Member of the Kansas House of Representatives from the 27th district
- In office January 10, 2011 – January 14, 2013
- Preceded by: Ray Merrick
- Succeeded by: Ray Merrick

Personal details
- Born: January 7, 1951 (age 75) Fort Scott, Kansas, U.S.
- Party: Republican
- Spouse: Spencer O'Hara
- Education: University of Kansas (BA)
- Website: Campaign website

= Charlotte O'Hara =

American politician (born 1951)

Charlotte O'Hara (born January 7, 1951) is an American politician. A Republican, she served as a member of the Kansas House of Representatives from 2011 to 2013, representing District 27. O'Hara was a Johnson County commissioner from 2021 to 2025. She previously served as a member of the Kansas City and the Olathe Home Builders Associations and served as chairwoman on the Olathe Board of Code Review.

==State legislature==

===2010 state house election===
O'Hara was elected by Republican precinct delegates to fill a vacancy in the State House of Representatives early in 2011. The vacancy occurred after Kansas Sen. Jeff Colyer was elected lieutenant governor in the 2010 general election. House District 27 Representative Ray Merrick was elected by Republican precinct committee members to fill the remainder of Colyer's Senate District 37 term; then O'Hara was elected to fill Merrick's House seat.
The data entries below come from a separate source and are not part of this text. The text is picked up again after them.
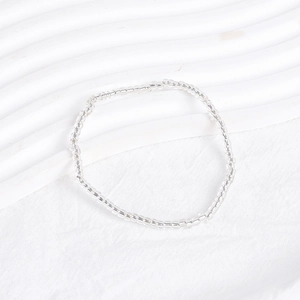 Macro shot of clear minimalist beaded bracelet on white textured fabric background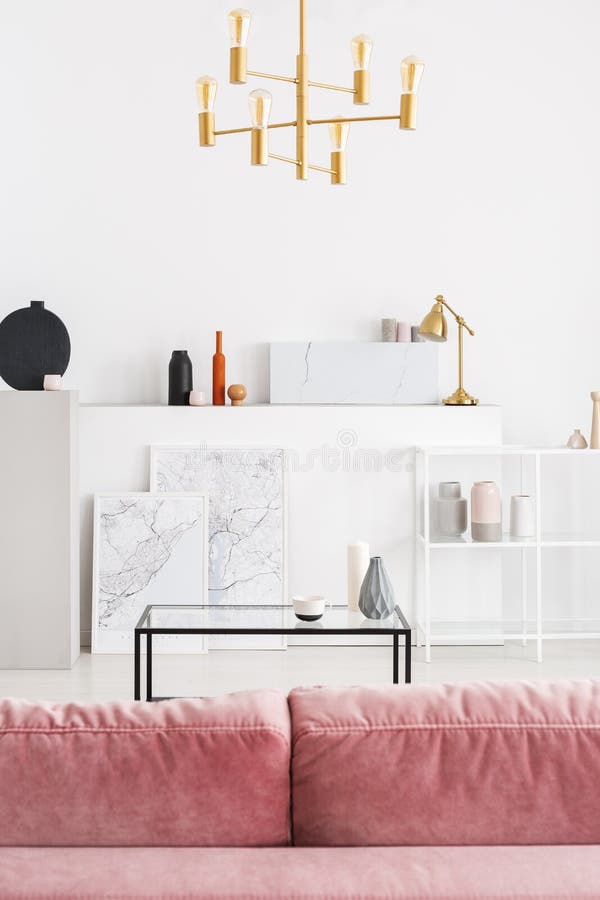 Vertical view of backside of powder pink sofa in white modern living room interior with coffee table, golden chandelier and maps. In white frames, real photo royalty free stock image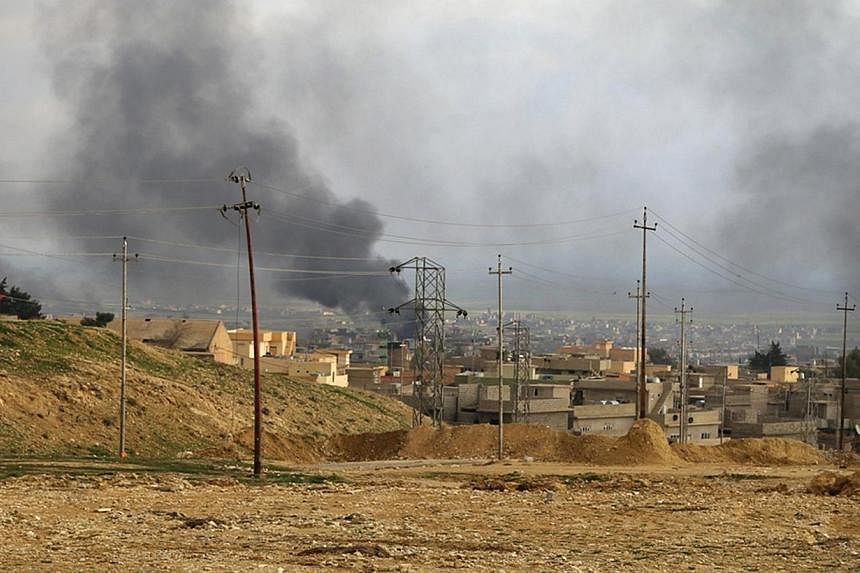 A general view shows the town of Sinjar as smoke rises from what activists said were US-led air strikes on Dec 22, 2014. Syrian President Bashar al-Assad has said US-led air strikes against Islamic State in Iraq and Syria (ISIS) militants in Syria sh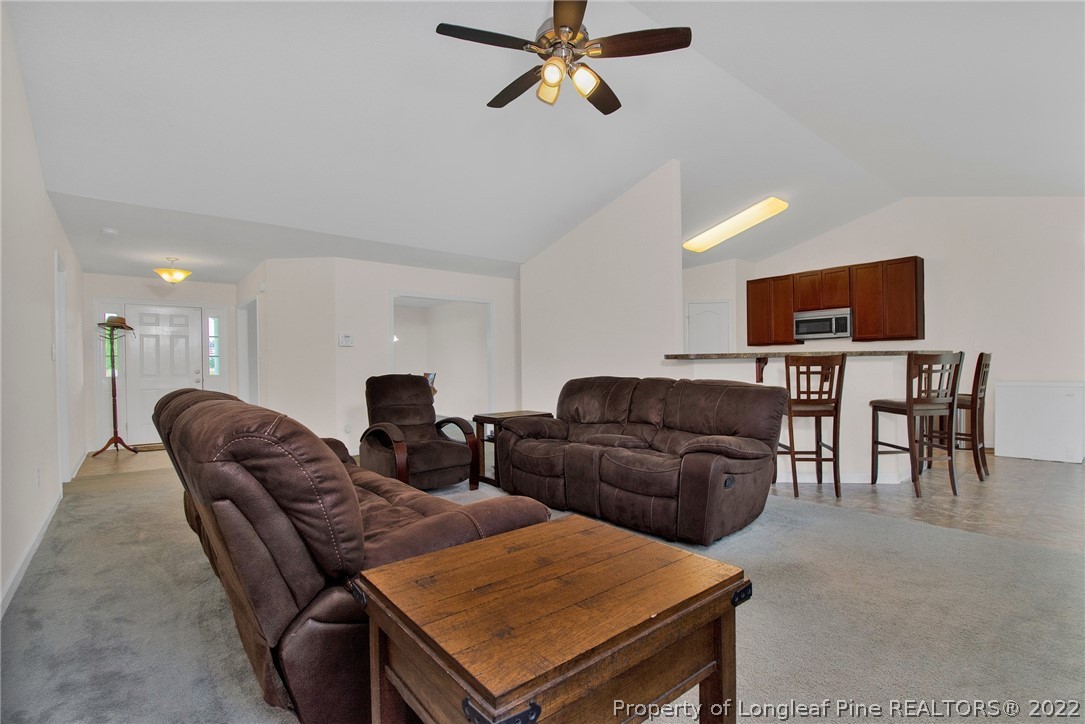 166 Hayden Road Fairmont, NC 28340 - Photo 12 of 37 a living room with furniture and a flat screen tv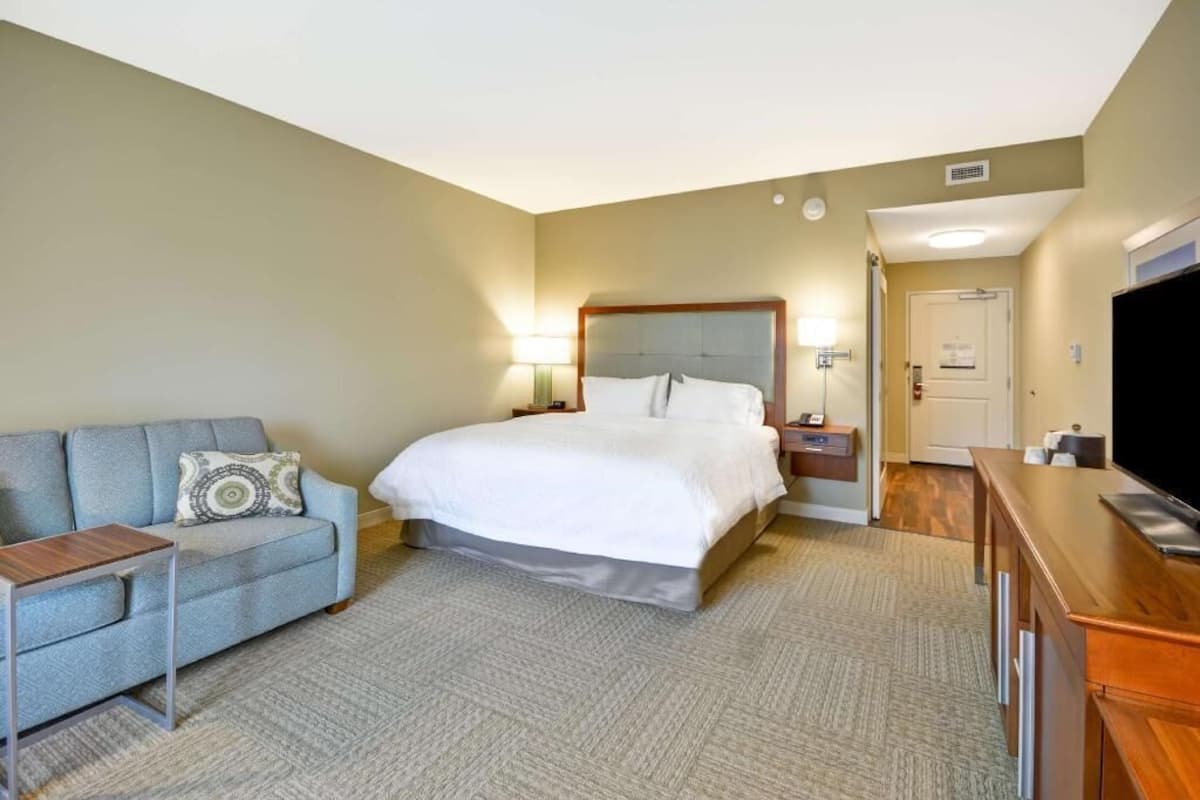 A hotel room with a bed, a sofa, a TV, and a desk.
===2012 state senate election===
After redistricting for the 2012 elections, O'Hara filed for the Kansas Senate District 37 seat being vacated by Ray Merrick. O'Hara placed second in a three-way Republican primary, losing to Pat Apple.

==2026 gubernatorial election==
In March 2025, O'Hara announced her candidacy in the 2026 Kansas gubernatorial election. She placed fifth in the Republican primary.